Ровно пять месяцев я прожил в Любавичах и старательно изучал хасидизм. В первую очередь, я с большим вниманием слушал изречения ребе. Они интересовали меня, потому что с их помощью я пытался нарисовать для себя образ цадика, а также пытался уяснить, в чем состоит сущность его влияния. Я размышлял над его словами, пытаясь постигнуть то новое, личное, что в них содержится. Об этом я беседовал с р. Михаэлем из Невеля, который уделял мне много внимания и действительно стал для меня учителем и наставником в хасидизме. У него было слабое зрение, глаза его слезились, седая, пожелтевшая от табака борода никогда, подозреваю, не знала расчески, черты лица резко очерчены, голова неизменно склонена набок. Я с ним подружился. Он и Михаэль Дворкин стали для меня очень близкими людьми. Он тоже вначале был копысским хасидом{390} и лишь недавно стал ездить к Любавичскому ребе. О степени нашей дружбы можно судить по тому, что я сейчас расскажу.

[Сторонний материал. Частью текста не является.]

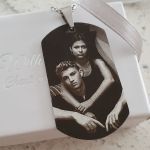 CNE105274 - Personalized Men's Photo Dog Tag Necklace Stainless Steel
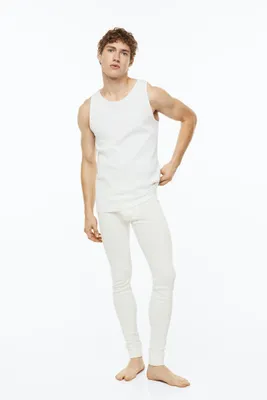 Ribbed Cotton Long Johns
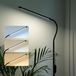 LUMILED LED staande lamp LONGA, zwart, 14W, CCT 3000K/4500K/6000K, dimbaar, in hoogte verstelbaar, moderne leeslamp, vloerlamp met USB-kabel en adapter, geschikt voor woonkamer, slaapkamer, kantoor, leeslamp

19 кислева в зале йешивы при дворе ребе происходили «празднества и гуляния», с песнями, плясками и выпивкой. В центре внимания – парень по имени Нета. У него приятный красивый голос, и каждую субботу между дневной и вечерней молитвами он руководил пением в бейт-мидраше. Я обычно сидел в уголке и слушал, слушал… Р. Михаэль высматривал меня, садился рядом, молча и с наслаждением слушал, а потом быстро-быстро читал молитвы. И сейчас я сидел в отдалении на одной из скамеек и слушал, как поют и восхваляют Всевышнего. И вот р. Михаэль уселся рядом со мной, похлопал меня по плечу и сказал шепотом: «Я знаю, о чем ты сейчас размышляешь! Я знаю, о чем ты сейчас думаешь! Ты сидишь и размышляешь о личных качествах ребе! 19 кислева ты сидишь и разбираешь личные качества ребе! А теперь скажи мне, как он может быть ребе, если 19 кислева ты сидишь и сомневаешься в нем! Разве не сказано: «И сделай себе раввина» – как он может быть раввином, если ты не принимаешь его, не "делаешь" его?! А?! Да у тебя нет сил, чтобы сделать это! А вот я тебе расскажу, как я в первый раз поехал к Цемах Цедеку. Это было перед Песахом в 5625 (1865) году; лед уже начал ломаться, и нельзя было ехать на санях по Днепру, а я знал, что мне нужно обязательно поехать к ребе! Кто знает, вдруг он болен? И я пошел пешком через Днепр – лед сломался раз, сломался два и в третий раз! И все три раза я проваливался в воду! Но все-таки пришел! Когда к ребе приезжают вот так – это совсем другой ребе! "И сделай себе ребе!" Эх, жаль, что ты поздно родился… В мое время ты бы мог стать хорошим хасидом! Очень хорошим!»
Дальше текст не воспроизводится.